Ukrainian drones struck the Moscow Oil Refinery on June 16, according to the city's mayor, extending a months-long campaign of deep-strike operations that has systematically targeted Russian fuel infrastructure from the Urals to the capital's outer logistics chain.

The Moscow strike is the latest in a sustained tempo that accelerated sharply in the spring. In April, Ukrainian forces hit 14 refineries and terminals, two industrial plants, and Russian vessels and aircraft operating in the Urals region — a theatre previously regarded as safely beyond Ukrainian reach, per the Ukrainian Ministry of Defence. Among those targets, the SBU's Alpha Special Operations Center conducted a drone strike on the LUKOIL-Permnefteorgsintez refinery in Perm — a facility that processes crude from western Siberia and feeds product into the European Russia distribution network.

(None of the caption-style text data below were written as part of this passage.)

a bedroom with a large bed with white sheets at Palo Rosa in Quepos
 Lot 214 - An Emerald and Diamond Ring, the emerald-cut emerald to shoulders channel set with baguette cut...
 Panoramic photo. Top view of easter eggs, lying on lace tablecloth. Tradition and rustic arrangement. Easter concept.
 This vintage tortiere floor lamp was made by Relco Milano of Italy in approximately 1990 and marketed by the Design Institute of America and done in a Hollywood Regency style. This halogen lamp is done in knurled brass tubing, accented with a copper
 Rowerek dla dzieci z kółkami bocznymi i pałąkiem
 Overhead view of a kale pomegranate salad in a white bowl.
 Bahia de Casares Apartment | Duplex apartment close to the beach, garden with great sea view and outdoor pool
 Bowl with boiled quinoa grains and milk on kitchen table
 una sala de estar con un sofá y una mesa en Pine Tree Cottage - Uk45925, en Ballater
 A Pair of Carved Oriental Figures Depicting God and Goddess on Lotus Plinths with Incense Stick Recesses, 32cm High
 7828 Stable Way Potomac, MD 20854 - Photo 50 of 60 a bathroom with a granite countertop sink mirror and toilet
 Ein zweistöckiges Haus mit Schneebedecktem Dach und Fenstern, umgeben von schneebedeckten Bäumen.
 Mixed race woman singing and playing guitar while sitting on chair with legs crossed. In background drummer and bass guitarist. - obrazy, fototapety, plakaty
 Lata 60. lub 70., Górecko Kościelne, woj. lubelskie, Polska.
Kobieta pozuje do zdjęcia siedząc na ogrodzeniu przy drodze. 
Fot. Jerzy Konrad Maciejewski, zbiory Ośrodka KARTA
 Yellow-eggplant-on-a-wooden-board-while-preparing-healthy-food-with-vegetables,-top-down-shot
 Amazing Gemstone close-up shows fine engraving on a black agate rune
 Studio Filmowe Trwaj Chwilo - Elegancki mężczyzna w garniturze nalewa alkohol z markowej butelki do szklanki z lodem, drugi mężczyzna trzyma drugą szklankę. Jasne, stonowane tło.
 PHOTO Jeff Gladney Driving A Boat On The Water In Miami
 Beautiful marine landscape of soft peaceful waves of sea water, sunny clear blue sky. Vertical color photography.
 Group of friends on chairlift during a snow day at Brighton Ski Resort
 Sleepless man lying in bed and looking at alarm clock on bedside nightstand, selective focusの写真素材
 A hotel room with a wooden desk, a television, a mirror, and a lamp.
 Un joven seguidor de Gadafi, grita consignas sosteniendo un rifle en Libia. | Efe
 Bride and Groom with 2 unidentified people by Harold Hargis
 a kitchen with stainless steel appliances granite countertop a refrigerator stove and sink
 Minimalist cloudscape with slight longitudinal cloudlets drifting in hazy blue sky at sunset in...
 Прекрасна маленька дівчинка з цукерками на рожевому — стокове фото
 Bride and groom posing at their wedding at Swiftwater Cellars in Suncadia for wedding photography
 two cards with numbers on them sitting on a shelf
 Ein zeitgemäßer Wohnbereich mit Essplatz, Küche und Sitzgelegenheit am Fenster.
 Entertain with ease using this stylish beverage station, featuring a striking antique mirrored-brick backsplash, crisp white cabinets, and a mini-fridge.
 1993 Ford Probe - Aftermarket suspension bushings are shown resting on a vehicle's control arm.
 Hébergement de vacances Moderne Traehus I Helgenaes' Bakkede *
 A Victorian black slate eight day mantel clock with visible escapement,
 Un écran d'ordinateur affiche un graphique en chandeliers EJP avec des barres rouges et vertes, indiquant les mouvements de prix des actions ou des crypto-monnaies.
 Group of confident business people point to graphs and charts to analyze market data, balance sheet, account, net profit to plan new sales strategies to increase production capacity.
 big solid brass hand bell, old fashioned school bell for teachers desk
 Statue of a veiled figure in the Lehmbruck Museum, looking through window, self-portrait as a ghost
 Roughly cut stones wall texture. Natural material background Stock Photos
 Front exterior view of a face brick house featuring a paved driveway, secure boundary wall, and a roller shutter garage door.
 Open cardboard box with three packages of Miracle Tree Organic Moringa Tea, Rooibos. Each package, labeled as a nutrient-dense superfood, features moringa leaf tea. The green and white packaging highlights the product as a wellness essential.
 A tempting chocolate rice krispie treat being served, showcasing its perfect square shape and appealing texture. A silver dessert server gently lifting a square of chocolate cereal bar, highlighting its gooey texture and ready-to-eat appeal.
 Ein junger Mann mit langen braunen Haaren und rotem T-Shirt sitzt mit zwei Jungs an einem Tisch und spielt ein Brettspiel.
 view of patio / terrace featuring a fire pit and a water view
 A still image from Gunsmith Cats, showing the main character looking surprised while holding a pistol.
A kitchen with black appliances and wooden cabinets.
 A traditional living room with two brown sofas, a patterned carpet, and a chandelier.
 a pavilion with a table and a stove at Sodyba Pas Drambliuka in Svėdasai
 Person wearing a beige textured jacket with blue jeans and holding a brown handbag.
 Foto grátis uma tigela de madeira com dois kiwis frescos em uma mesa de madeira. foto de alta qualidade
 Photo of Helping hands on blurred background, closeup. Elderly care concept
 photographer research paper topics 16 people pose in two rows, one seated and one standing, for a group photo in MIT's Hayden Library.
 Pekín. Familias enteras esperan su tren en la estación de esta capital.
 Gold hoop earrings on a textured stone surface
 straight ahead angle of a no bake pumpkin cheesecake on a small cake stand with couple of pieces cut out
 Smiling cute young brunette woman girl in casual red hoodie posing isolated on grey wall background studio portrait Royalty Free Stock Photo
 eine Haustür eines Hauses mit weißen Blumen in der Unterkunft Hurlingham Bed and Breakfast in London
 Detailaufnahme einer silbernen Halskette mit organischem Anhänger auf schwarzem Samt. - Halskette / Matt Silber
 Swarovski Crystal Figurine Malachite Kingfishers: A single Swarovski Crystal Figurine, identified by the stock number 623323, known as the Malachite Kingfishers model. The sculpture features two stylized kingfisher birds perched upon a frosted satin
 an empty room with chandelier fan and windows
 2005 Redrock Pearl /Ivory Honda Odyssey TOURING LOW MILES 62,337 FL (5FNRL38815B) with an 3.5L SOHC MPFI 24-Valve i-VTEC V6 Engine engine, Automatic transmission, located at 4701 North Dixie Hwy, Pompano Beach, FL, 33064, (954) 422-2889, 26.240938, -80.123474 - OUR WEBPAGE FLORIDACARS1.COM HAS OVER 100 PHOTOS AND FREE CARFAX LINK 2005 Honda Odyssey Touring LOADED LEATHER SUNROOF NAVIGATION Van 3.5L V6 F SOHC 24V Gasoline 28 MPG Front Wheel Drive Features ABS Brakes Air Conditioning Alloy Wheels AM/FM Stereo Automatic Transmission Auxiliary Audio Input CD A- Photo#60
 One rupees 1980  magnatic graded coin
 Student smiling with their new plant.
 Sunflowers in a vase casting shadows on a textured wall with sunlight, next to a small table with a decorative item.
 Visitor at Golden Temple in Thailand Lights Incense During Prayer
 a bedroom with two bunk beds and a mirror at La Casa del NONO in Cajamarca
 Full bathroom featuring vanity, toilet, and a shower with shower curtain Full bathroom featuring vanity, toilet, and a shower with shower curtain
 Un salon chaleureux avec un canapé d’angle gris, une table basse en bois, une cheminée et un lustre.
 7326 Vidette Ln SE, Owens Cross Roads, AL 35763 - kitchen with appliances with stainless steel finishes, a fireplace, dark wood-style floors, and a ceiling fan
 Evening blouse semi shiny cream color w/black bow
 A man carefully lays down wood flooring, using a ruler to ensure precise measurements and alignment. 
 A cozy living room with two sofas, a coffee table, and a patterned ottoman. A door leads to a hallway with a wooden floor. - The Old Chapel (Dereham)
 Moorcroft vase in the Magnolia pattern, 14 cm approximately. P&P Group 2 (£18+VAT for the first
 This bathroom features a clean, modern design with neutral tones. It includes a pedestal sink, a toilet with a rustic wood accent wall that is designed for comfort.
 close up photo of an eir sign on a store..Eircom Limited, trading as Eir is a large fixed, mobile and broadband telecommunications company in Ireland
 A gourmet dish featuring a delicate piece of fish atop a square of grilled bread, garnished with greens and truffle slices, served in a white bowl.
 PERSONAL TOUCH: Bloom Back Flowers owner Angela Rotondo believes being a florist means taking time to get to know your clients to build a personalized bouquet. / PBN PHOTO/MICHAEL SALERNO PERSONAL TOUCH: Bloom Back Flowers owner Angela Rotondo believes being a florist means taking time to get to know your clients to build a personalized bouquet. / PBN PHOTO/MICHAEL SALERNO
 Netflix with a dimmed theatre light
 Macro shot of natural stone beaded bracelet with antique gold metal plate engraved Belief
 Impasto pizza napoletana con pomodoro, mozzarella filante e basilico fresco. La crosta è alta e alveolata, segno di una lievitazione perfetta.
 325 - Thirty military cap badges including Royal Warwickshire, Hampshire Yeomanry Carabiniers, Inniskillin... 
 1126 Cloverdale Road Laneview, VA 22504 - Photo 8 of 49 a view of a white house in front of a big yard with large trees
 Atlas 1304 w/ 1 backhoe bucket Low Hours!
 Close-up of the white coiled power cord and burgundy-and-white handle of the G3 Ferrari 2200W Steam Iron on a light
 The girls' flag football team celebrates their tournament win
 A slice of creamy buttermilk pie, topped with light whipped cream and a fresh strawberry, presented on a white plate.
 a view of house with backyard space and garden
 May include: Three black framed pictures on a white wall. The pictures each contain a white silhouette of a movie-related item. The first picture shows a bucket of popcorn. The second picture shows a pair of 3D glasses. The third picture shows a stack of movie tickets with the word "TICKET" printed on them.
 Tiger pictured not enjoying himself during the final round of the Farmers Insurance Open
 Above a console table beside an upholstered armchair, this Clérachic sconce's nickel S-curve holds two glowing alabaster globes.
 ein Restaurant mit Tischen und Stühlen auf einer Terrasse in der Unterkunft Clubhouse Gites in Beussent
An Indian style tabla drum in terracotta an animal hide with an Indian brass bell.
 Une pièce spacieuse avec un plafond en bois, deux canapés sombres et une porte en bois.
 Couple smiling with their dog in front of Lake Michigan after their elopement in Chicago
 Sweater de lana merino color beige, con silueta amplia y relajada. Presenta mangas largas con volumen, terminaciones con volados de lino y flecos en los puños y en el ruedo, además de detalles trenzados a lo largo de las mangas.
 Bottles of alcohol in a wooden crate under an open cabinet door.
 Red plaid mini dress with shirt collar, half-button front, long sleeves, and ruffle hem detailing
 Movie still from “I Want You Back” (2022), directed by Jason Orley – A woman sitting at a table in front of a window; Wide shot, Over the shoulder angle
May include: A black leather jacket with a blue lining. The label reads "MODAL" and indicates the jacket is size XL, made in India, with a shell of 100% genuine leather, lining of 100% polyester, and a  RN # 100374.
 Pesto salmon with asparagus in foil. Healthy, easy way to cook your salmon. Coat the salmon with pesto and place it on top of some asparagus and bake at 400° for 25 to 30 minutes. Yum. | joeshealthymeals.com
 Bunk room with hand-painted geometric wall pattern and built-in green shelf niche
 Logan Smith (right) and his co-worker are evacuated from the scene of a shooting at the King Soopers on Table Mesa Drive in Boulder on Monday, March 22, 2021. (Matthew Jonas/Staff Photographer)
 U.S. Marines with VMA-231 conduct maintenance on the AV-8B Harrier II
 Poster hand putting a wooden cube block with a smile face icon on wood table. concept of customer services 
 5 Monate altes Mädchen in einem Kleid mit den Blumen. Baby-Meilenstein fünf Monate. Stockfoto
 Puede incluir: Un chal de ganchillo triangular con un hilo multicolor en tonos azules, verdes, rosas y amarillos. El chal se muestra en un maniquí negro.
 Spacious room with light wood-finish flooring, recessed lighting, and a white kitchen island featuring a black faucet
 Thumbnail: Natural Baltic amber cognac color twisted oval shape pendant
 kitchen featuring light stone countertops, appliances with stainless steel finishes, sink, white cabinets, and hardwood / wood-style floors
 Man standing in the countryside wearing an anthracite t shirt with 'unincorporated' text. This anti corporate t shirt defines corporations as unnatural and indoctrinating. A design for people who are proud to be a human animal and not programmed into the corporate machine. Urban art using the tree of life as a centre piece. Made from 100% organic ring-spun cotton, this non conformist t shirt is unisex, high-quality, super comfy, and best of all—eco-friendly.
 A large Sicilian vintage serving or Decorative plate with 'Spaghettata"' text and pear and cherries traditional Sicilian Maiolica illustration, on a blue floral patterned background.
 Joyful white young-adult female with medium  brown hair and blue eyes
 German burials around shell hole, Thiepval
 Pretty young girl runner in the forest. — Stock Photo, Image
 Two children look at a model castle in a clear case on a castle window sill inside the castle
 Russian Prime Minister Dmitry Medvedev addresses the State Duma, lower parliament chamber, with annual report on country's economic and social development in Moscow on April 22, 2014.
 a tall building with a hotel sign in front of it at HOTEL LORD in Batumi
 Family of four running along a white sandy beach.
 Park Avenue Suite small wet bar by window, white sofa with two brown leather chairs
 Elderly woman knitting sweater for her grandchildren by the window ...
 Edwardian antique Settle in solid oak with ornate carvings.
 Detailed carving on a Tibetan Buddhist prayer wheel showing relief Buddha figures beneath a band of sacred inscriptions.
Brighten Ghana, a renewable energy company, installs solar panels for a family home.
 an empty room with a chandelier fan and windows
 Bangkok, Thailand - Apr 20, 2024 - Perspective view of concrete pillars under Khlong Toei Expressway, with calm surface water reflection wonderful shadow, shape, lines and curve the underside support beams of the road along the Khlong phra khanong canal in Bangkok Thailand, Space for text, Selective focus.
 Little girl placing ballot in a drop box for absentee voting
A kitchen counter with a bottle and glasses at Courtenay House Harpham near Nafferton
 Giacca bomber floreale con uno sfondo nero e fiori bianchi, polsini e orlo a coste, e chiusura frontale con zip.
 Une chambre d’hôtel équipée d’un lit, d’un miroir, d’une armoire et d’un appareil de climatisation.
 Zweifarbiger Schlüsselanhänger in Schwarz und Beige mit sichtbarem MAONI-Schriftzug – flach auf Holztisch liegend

The campaign did not pause in May. Ukrainian forces struck the petroleum-product pipeline rings encircling Moscow — trunk infrastructure that aggregates supply from multiple refineries before distribution into the capital and its surrounding military-logistics zones — according to the MoD. Separately, the Nizhny Novgorod oil refinery was struck twice during the month, with the second attack described as a precision drone strike. The Moscow Oil Refinery and the Solnechnogorskaya fuel loading station — a key transshipment node northwest of the capital — were also hit in what Ukrainian operational summaries characterize as "middle strike" operations targeting military-industrial potential.

On June 3, President Volodymyr Zelenskyy confirmed that Ukrainian drones had struck an oil terminal in St. Petersburg, according to AP. That strike extended the geographic envelope of the campaign to Russia's second city and Baltic export hub. By June 12, Reuters reported an overnight exchange of drone strikes in which Ukraine hit oil refineries and a petrochemicals plant, alongside Russian strikes into Ukrainian territory.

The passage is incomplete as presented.